- [Instructions for the task] Search the records for the word "times" and pick out every line that has it.

- [Record extracts]
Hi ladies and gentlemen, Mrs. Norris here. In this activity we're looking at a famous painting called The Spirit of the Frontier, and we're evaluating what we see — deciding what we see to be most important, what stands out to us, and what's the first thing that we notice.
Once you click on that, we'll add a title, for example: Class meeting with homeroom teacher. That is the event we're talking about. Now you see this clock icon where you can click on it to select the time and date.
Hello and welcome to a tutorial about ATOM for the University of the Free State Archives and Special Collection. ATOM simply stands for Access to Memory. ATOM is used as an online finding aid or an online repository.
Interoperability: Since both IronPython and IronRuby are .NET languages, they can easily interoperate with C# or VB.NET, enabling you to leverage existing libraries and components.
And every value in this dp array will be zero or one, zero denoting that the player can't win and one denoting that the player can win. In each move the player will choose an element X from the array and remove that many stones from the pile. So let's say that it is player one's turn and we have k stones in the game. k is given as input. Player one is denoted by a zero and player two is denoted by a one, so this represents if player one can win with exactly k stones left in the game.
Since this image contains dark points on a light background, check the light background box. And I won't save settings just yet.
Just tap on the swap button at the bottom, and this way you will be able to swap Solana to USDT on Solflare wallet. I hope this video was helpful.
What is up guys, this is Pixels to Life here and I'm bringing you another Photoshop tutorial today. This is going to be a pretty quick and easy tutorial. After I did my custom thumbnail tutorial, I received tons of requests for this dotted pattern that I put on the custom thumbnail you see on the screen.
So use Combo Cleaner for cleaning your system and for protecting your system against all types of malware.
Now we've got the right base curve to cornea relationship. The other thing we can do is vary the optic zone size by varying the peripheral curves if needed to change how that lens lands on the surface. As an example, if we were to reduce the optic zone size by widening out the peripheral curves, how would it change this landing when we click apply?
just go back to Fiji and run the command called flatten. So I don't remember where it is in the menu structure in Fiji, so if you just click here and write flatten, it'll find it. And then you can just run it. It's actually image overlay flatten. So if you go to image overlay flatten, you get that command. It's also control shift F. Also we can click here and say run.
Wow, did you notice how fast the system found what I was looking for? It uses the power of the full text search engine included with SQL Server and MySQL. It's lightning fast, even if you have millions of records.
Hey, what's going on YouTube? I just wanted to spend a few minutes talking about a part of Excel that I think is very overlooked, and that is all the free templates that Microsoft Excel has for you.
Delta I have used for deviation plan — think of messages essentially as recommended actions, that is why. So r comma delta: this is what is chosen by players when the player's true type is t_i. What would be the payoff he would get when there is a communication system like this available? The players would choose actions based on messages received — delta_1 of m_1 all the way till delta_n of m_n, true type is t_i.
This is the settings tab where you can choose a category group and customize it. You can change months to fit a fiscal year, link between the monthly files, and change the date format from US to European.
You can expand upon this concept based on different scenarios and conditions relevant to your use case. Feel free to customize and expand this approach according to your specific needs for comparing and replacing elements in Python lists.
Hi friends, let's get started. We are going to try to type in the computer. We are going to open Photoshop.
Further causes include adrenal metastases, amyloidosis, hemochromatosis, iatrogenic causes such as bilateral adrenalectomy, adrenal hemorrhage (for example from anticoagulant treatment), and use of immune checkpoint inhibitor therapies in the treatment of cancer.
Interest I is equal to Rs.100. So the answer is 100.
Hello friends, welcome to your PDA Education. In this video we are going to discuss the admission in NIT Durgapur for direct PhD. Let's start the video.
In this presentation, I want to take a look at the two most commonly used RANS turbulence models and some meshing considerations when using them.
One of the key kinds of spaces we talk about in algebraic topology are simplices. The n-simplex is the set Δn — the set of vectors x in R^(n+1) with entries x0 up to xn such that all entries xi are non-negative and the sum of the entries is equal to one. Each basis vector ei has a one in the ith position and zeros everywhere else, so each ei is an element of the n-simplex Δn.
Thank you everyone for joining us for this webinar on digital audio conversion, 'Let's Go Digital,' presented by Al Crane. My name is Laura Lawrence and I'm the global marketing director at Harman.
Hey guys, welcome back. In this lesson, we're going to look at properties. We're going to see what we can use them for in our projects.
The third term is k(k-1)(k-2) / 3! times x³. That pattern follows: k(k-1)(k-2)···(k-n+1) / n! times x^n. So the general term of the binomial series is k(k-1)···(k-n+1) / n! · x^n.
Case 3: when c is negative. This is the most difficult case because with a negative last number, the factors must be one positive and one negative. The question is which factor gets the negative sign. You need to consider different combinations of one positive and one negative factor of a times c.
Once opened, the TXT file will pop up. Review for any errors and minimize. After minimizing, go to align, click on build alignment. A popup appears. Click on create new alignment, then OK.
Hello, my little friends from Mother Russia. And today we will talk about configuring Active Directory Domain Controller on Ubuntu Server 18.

- [Answer to this task]
The third term is k(k-1)(k-2) / 3! times x³. That pattern follows: k(k-1)(k-2)···(k-n+1) / n! times x^n. So the general term of the binomial series is k(k-1)···(k-n+1) / n! · x^n.
Case 3: when c is negative. This is the most difficult case because with a negative last number, the factors must be one positive and one negative. The question is which factor gets the negative sign. You need to consider different combinations of one positive and one negative factor of a times c.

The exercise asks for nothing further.